= Market development funds =

Market development funds (MDF), also called co-op funds, are provided by manufacturer or brands in indirect sales channels to help affiliates, channel partners, resellers, VARs, or distributors sell products and promote local awareness of the national brand. In the US, around 4,500 Co-op programs cover 50 product classifications, with approximately $50 billion spent annually; slightly over half of these funds go unused due to implementation issues by uninformed partners.

==Funding Structures==
MDFs are structured in different ways depending on the brand's relationship with its affiliates (Open vs. Closed networks), the destination of Co-op Funds (direct mail, email marketing, local PPC, etc.), and the affiliate segment the brand seeks to motivate or reward (top, average, or low performers). The structure of Co-op money is important as it affects affiliates' willingness to participate in the brand's programs. In email marketing, B2B-focused MDF campaigns may include personalized emails, re-engagement, product announcements, and cross-sell initiatives, often using automation to enhance lead generation and engagement. Below are four common funding structures.

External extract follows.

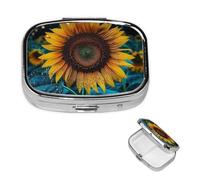 Pill Box Pill Case 2 Compartment Small Pill Organizer for Purse & Pocket Travel Pillbox The Most Beautiful Sunflower Cute Medicine Organizer Pill Container Holder to Hold Vitamins Fish Oil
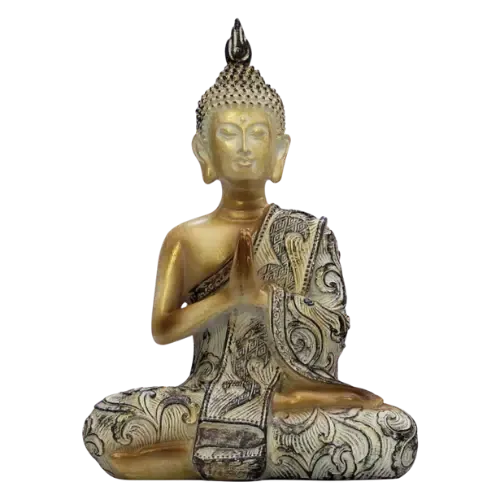 Buda Dorado Manto Floreado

Stipend – This structure gives affiliates a fixed amount of money (e.g., $300 per month) to opt into marketing programs made available by the brand. Affiliates can choose among multiple programs, though brands usually highlight preferred programs, giving them prominence on the main MDF interface.

Fixed Quantity – Instead of a monetary amount, brands may provide a fixed number of items (e.g., direct mail pieces) or program resources (e.g., local PPC) at no cost. This approach aims to motivate local affiliates while supporting strong brand engagement.

Discount – Brands partially subsidize affiliates' local marketing spend with discounted (but not free) programs, encouraging participation by improving the expected ROI of their marketing efforts.

Rebate – Some Brands reimburse their local partners for money spent on approved advertising. This approach is often not recommended because Brands have a hard time motivating affiliates to spend their money first and try to recoup it later through cumbersome reimbursement logistics.